I'm developing a BDD test automation solution with C# using Specflow (Cucumber) with tests written as plain text Gherkins. I am currently writing a regression test suite amongst others.

When asserting that a user UI transaction has updated successfully i can think of a couple of approaches:

  1. Using the Steps/Step Definitions: enter the data into the webpage and click save button, then assert that the success dialog box appears. Then navigate to another webpage or what could be multiple other webpages where the data will be changed and assert the data has been updated correctly in the necessary fields.

  2. Using the Steps/Step Definitions: enter the data into the webpage and click save, assert that the success dialog box appears. Then write steps/step definitions that call API classes to retrieve the data stored (get) and then assert all the data stored to the database is correct.

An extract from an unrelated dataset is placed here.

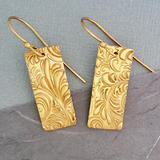 Boho Floral Rectangular Gold Vermeil Earrings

The first option looks like a true representation of a functional test how a user would do it and it also guarantees the data is showing correctly to the user. The second option when I write Gherkin steps "Then the API call will return the following data:" - seems not right for a business readable format? There is also the chance that the data still may not be presented correctly on the UI. It would entail writing a number of API classes.

As a software engineering approach, is the second option a recommended approach?

2 Answers 2


It all depends on the logic you intend on testing, and when the test fails, how large an area of the application you'll need to investigate.

A full end-to-end test verifies data on screen. Doing this in BDD certainly replicates that test, but the behavior is what BDD is about. What behavior are you testing? How many reasons does your test have to fail?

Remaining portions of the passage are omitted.